*** Data below ***
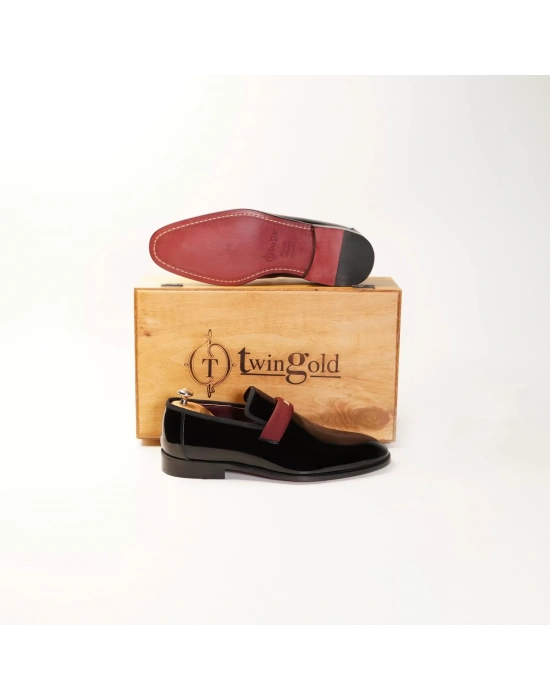 İsme Özel Smokin Salon Erkek Ayakkabısı - %100 Hakiki Deri - Altın Harf - AA01005 - Bordo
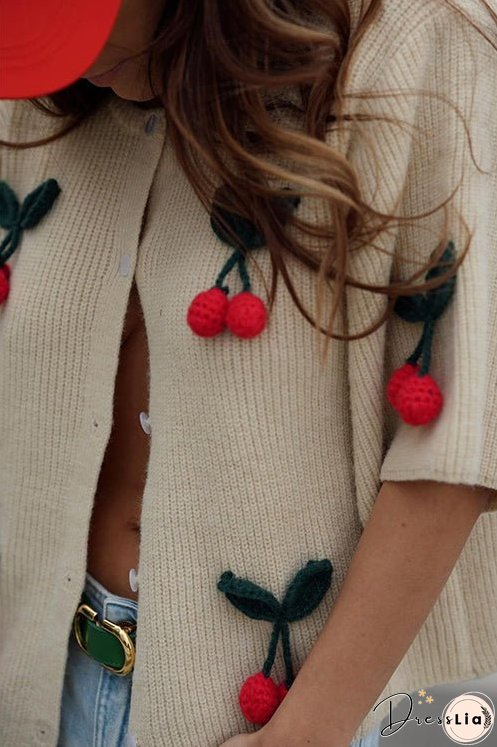 Meridress Short Sleeves Button Up Cherry Decorative Knit Sweater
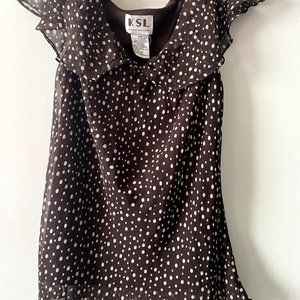 KSL Karin Stevens Women's 14W SLEEVELESS TOP BROWN w/ WHITE POLKA DOTS 100%Poly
*** End of Data below ***
### Description of the task
Leave out the images and copy all remaining data word for word.

### Written response
 İsme Özel Smokin Salon Erkek Ayakkabısı - %100 Hakiki Deri - Altın Harf - AA01005 - Bordo
 Meridress Short Sleeves Button Up Cherry Decorative Knit Sweater
 KSL Karin Stevens Women's 14W SLEEVELESS TOP BROWN w/ WHITE POLKA DOTS 100%Poly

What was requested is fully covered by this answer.